Hot Plume Modelling Project
Europe’s access to space today relies primarily on the Ariane 5 family of heavy lift launchers and the Vega launcher for small payloads. The successful development of these launchers depends on finding solutions in the critical and challenging areas of propulsion and aero-thermodynamics, which are the key elements of any launch vehicle. In the past aerodynamic and aero-thermodynamic development work was almost exclusively based on the use of engineering and empirical methods.
Today the use of Computational Fluid Dynamics (CFD) has matured to the point where it can provide valuable physics based input. In addition, experimental testing is extremely expensive, time consuming and often it is impossible to simulate the real flight conditions. As a result, the data obtained from these experiments is only partially useful and approximate methods need to be used to extrapolate these data to real flight conditions.
Accurate numerical models are needed to fully simulate representative solid rocket motors, including the presence of (solid) particles and plume radiation.
An activity with GSTP Element 1 and CFS Engineering in Switzerland has been studying computational fluid dynamics, for example of rocket plumes, to understand the valuable physics-based input they provide to the launch vehicle development process.
The activity has built an improved model for the computation of plumes from solid rocket boosters, to reduce design margins for launch vehicles. The new model computes numerical simulations of hot gases with particles including chemistry, Lagrangian tracking for particles and radiation modelling for solids particles.
Called the Hot Plume Project, the work carried out was mainly concerned with the after body flow of launch vehicles, also called the base flow region. In this region, hot gases from the nozzle exit mix with the cold flow coming around the launch vehicle leading to very complex aerodynamic phenomena which is still poorly understood. As a result, there exists a large area of uncertainty in launch vehicle design.

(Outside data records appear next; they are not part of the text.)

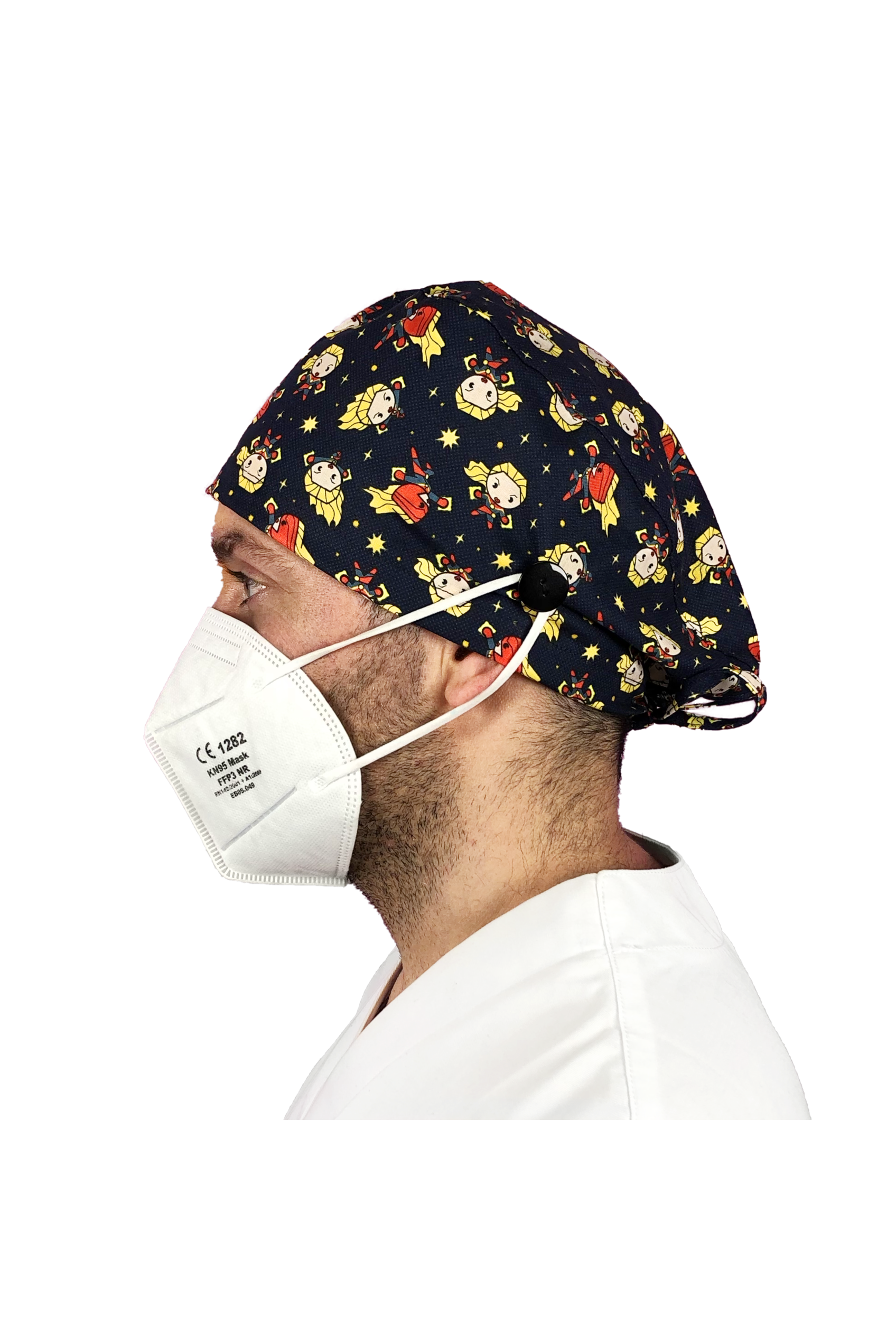 Short hair surgical cap with buttons - Printed 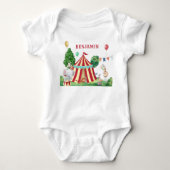 Circus Tent and Carnival Animals 1ste verjaardag Romper (Voorkant)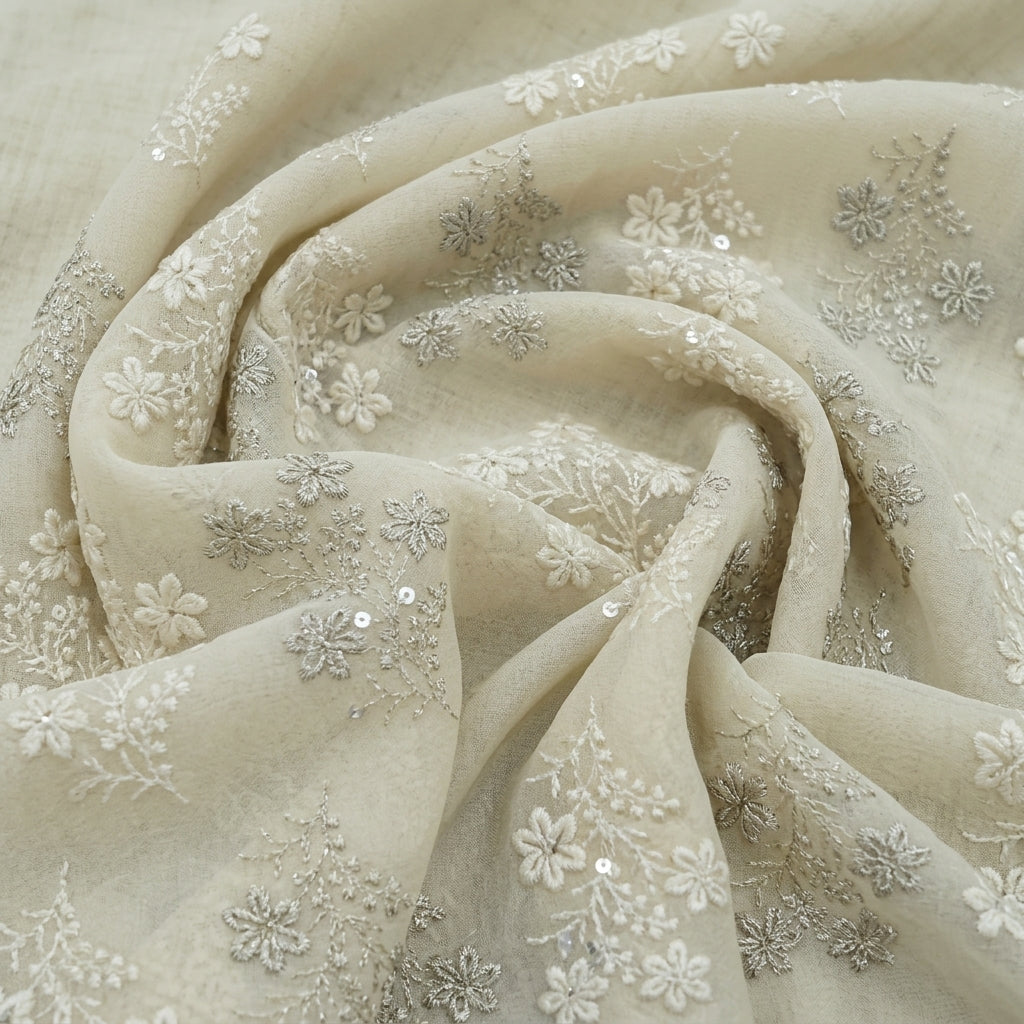 Embroidery Georgette Fabric - EB13306 - Swirl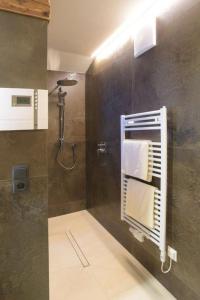 a bathroom with a shower with a towel rack at Ausserhof Hütte mit Sauna Südtirol in Riobianco +3 photos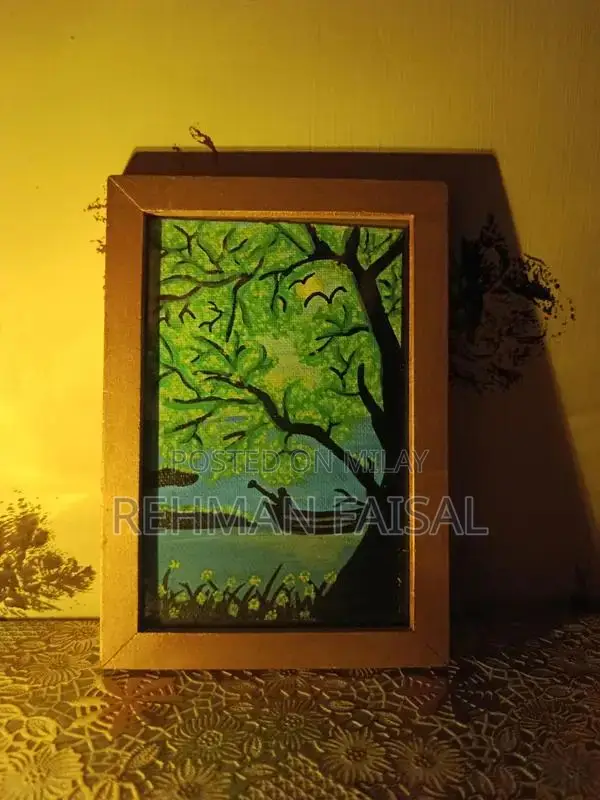 Handmade Acrylic Painting: Peaceful Nature Landscape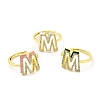 Mixed Color Enamel Initial Letter Adjustable Ring with Clear Cubic Zirconia RJEW-P045-01G-M-1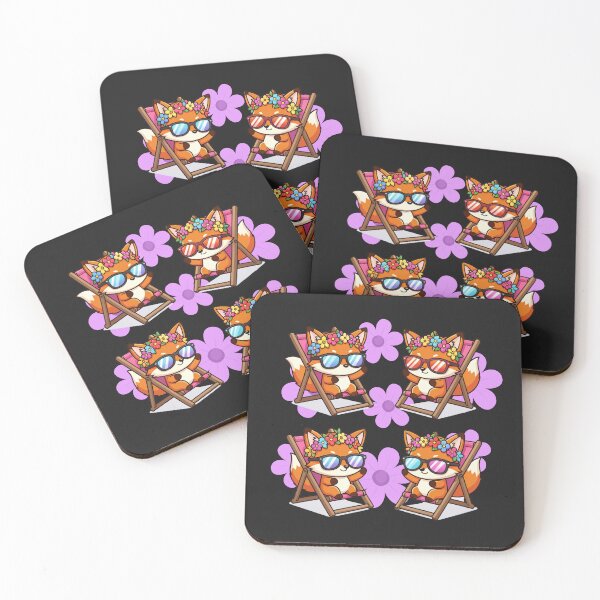 Item preview, Garden foxes with daisies in deck chairs waiting for spring designed and sold by PatronesKawai.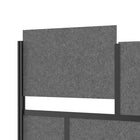 Luxor Modular Wall - 53" W x 70" H - Segmented Black Frame, Frosted Acrylic, Cool Grey PET-Connects with all Luxor Room Divider Walls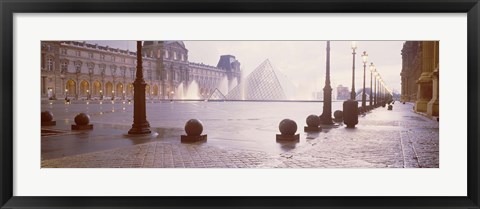 Framed Street lights lit up at dawn, Louvre Pyramid, Musee Du Louvre, Paris, France Print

The activity extended the Navier Stokes Multi Block (NSMB) CFD solver with a general equilibrium chemistry module and a particle tracking module, to allow the calculation of gas-solid interactions. The improved NSMB solver was then used to make calculations for the Vega solid rocket motor plume and to rebuild representative hot plume experiments, performed at DLR Cologne in a parallel activity.
A more accurate numerical representation of solid rocket plumes can now be provided, which could potentially reduce the design margins considered during launch vehicle development.
Further developments could improve radiation modeling as well as chemistry modeling.
G614-011MP closed in September 2020. The documentation is stored on the TEC-DMS.